Predictably, this didn’t go over well with Valve. Paranautical Activity was promptly pulled from Steam, and an email sent to the developer concisely – and in polite terms – explained the platform holder’s displeasure at his statement: a statement which, according to Maulbeck, he “obviously didn’t mean.”
Here’s what Valve and Steam had to say about it:
“On your Twitter account today there were a series of messages where you expressed your frustration with Steam. We are generally comfortable with partners expressing this type of frustration or any other viewpoint directly with us or publicly through social media and the press.

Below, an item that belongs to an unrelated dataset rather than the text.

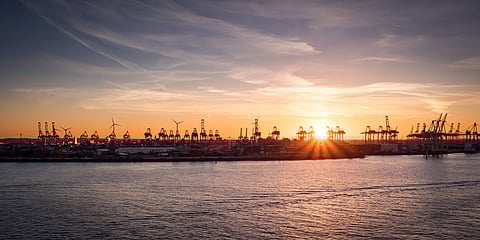 Photo of Hamburg  at sunrise with silhouette of cranes in port
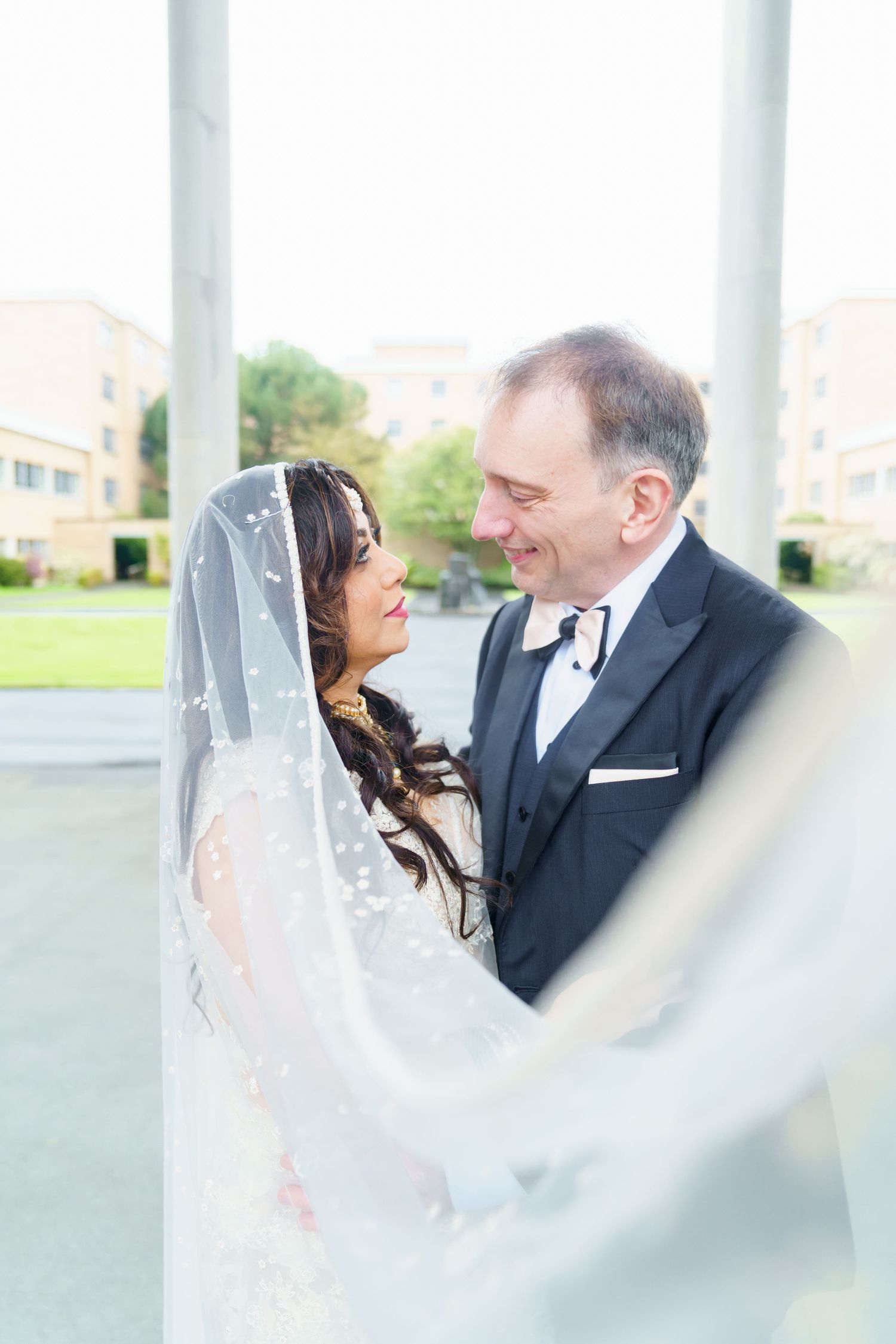 Couple in a greenhouse, groom in tan suit kissing bride wearing a red traditional Indian bridal saree.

But one of your tweets this morning was a threat to kill one of our colleagues. Death threats cross a line. We have therefore decided to end our business relationship with you and Code Avarice.”
“We’ve closed down your Steam admin accounts and we’re removing the game from purchase on Steam. We will leave make Community Hub available so that existing customers will continue to have a place to discuss the game. Our understanding is that you’re done developing the game, but if you need to ship an update to Steam customers, get in touch with us and we can help ship the update out for you.”
“I have since obviously replied to them saying that I didn’t mean what I said and pleaded that they consider the monopoly they have on the PC market before totally writing us off,” Maulbeck said, “but let’s be real. If they took the game off the store, they’re f****** sure about their decision. There’s probably nothing to be done.”
Maulbeck’s temper has got him in trouble before and the developer admits that “it was only a matter of time before it burned me to death.”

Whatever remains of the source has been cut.